RGB alignment/registration to depth frame.


#1

Hello, I am hoping someone can help me. I am working on an AR application and I need to get the rgb image aligned properly with the depth image on the structure core. Is there a standard way to do that? I have seen the realsense SDK has a function to do that kind of alignment.

I haven’t seen anything in the structure core sdk. The infrared is nicely aligned by default, the image size is slightly different from the depth but I jusy overlay it on the top left corner and it aligns almost perfectly.

The rgb, appears to not be corrected and aligned in the same way. Are there any code examples to do the alignment?


#2

No answers? I would have thought this would be a pretty important basic feature to have. In any case, after further investigation I found that there is a general way of going about it, but still not easy for a beginner. I am also not super experienced with C++, I do most computer vision in Python.

In any case, I found the code base for me to start off with:

Would be nice if there was a function in the SDK that just worked out of the box though. You would think this would be a univerally wanted/basic feature.


#3

Ok, it looks like I have been able to get the depth registration code from the above link working in my own project which doesn’t use ROS.

Now I think I understand why it isn’t included in the SDK by default. I didn’t realize depth registration was so computationally expensive. It seems to really lower the framerate, and I need low latency, high framerate. Will have to just get by without rgb alignment then.


#4

Just in case anyone reading this in the future wants to do the same thing, I solved the speed issue by modifying the above code to precalculate the transforms into a 3 dimensional array as a lookup table.

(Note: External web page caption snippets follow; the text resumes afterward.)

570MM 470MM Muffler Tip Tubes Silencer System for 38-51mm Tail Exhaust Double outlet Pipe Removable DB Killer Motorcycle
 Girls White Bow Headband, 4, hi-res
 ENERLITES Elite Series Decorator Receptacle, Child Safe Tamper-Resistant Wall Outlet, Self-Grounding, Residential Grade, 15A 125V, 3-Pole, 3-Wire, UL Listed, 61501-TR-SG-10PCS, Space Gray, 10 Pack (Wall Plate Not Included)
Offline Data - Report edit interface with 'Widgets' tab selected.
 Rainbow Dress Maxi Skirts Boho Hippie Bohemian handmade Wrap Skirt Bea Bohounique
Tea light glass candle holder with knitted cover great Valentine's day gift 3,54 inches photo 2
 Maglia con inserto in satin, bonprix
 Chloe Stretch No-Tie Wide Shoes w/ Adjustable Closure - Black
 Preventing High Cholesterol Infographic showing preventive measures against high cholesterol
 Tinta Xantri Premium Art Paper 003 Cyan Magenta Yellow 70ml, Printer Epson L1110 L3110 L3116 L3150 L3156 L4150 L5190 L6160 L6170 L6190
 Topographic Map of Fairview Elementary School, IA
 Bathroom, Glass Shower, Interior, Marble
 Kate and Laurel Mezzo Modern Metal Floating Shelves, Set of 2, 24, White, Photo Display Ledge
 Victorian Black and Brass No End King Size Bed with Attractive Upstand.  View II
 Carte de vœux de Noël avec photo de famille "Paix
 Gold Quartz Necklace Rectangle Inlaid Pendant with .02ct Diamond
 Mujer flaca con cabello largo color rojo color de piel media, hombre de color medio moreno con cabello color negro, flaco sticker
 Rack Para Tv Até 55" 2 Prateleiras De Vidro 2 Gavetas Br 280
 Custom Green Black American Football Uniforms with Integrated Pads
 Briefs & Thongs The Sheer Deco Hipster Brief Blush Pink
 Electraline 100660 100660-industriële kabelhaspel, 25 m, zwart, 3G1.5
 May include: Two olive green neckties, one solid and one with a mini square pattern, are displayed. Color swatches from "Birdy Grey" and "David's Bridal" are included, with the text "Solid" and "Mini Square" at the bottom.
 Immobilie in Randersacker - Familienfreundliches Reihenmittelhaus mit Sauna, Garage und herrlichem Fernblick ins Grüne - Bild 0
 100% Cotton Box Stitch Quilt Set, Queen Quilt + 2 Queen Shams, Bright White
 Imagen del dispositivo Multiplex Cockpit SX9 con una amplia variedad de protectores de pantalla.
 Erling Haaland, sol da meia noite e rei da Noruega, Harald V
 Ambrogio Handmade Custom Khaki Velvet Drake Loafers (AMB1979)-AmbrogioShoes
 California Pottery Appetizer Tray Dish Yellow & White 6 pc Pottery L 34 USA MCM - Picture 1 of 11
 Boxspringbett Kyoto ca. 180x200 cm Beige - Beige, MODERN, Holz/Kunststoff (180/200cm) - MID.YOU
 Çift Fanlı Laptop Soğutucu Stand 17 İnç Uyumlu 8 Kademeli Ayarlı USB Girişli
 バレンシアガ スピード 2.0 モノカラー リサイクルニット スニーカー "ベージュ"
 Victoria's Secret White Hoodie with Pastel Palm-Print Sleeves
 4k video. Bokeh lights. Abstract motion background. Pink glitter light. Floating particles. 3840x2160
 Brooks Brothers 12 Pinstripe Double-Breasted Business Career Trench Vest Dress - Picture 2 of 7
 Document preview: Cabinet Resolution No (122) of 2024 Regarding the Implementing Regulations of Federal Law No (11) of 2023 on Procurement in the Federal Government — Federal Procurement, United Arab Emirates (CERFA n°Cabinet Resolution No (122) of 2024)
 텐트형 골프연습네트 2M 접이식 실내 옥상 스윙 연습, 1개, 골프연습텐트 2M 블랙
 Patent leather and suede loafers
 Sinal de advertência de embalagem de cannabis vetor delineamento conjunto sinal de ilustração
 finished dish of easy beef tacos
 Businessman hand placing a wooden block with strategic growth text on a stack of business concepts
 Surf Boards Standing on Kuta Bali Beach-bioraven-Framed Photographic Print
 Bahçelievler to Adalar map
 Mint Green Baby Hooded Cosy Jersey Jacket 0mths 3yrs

For every possible u, v, z value I store the calculated rgb depth.

At centimeter precision level it takes 2GB of ram but is fast. I get full and consistent framerates.

Higher precision would go up into the tens of gigabytes. I will try a memory mapped file for that and see if it’s still fast enough.

If not I will try a neural network and see if it can learn the transformation from the lookup table, and test if it is fast enough.


#5

Ok I really have it solved now. No need for fancy stuff like a neural net or anything.

I was trying to cache the transform for xyz in a 3d array which was huge (gigabytes). However the Z dimension doesn’t change much between the depth camera point of view and the rgb point of view, so it was unnecessary to cache the z dimension.

Some precision is lost by ignoring the z transformation but it is negligible.

So all that was needed was initializing two 2d arrays of x and y using the above code, and when a new frame comes in I use the values for rgbx and rgby to rearrange the depth pixels.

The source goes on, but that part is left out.